Students at a college in New Jersey are protesting what they call the school’s lack of support for its own program in Africana Studies.
Seton Hall University students left classes Wednesday in protest to draw attention to its Africana Studies courses. According to ABC7 New York, they claim that the South Orange university – which in 1970 became the first in the state to offer an Africana Studies program – has stopped its commitment to the program.
“We came here hoping to get this education that’s offered online,” student Elizabeth Tescum said, ABC7 reported. “It says ‘lively and thriving, Africana Studies, the first in New Jersey,’ you know, the first university to have it, and they’re not giving us the resources.”
The protest, led by the Protect AFAM Movement, became a sit-in at the university president’s office. The group claimed Seton Hall representatives put off gathering resources or posting a job opening for a new tenured professor for the program, making it impossible for students to fulfill majors or minors in Africana Studies, according to NJ.com.
“The program’s only full-time professor and program director was forced out of the university,” part of a statement from Protect AFAM read, NJ.com reported, “and our administration has failed to recognize the severity and urgency of the situation.”
Students claim that the institution misrepresents the teacher deficit in Africana Studies.

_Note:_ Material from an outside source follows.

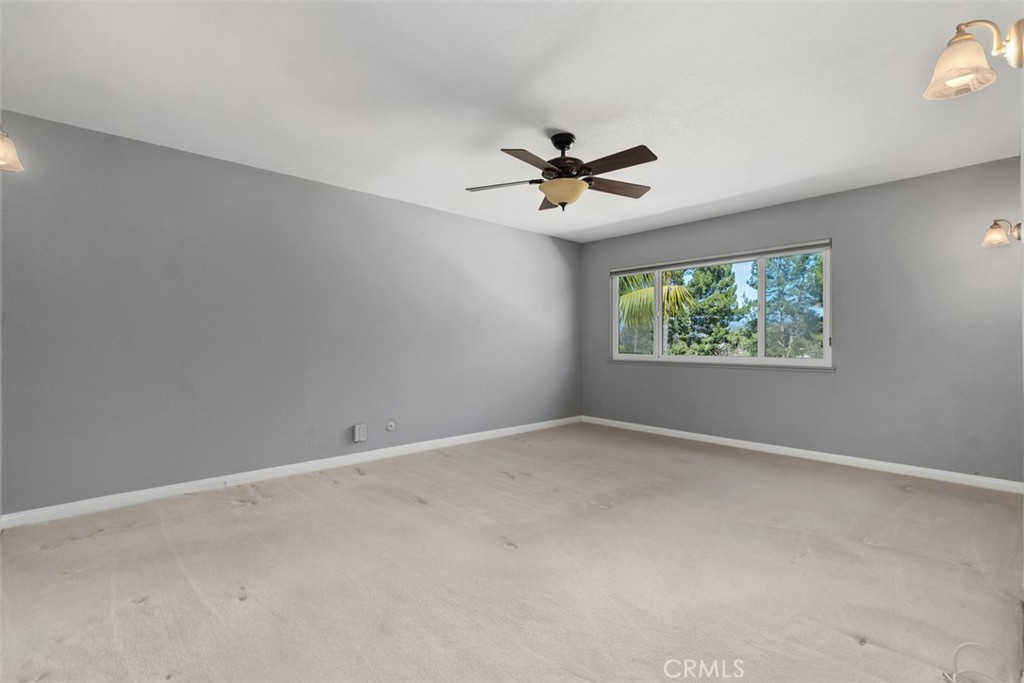 27048 Santa Susana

According to ABC7, they allege that just a few students can enroll and that the institution frequently discontinues it because of a lack of dedication to the program.
Jayde Dieu said that she wanted to take Africana Studies while enrolling in pre-law programs but was told that wasn’t the best route for political science.
“So students are actually discouraged from taking Africana courses,” she contended, ABC7 reported.
This reportedly isn’t the first time Seton Hall students voiced their concerns about the program, formerly a department. In 2018, a group known as the Concerned 44 held a demonstration at President’s Hall, taking over the campus site for several days. Their efforts resulted in responses to some of their demands, but none of the university’s promises “have seen meaningful longevity,” Protect AFAM officials said in a statement.
The movement wants the Catholic university to hire three or four full-time professors, hire a full-time tenured director for the program, reestablish Africana Studies as a department by next spring and permit students to act as search committee liaisons with the ability to vote on hiring.
While the former director of Africana Studies at Seton Hall claimed the institution does not adequately fund social issue-related courses, the university maintained that it knows how vital the program is to students and its curriculum.
“Seton Hall University enthusiastically supports the discipline of Africana Studies,” the university said in a statement, ABC7 reported, “and underscores how vital it is for all our students, independent of their major field of study, to be able to learn about their (and other) cultures, histories, and identities.”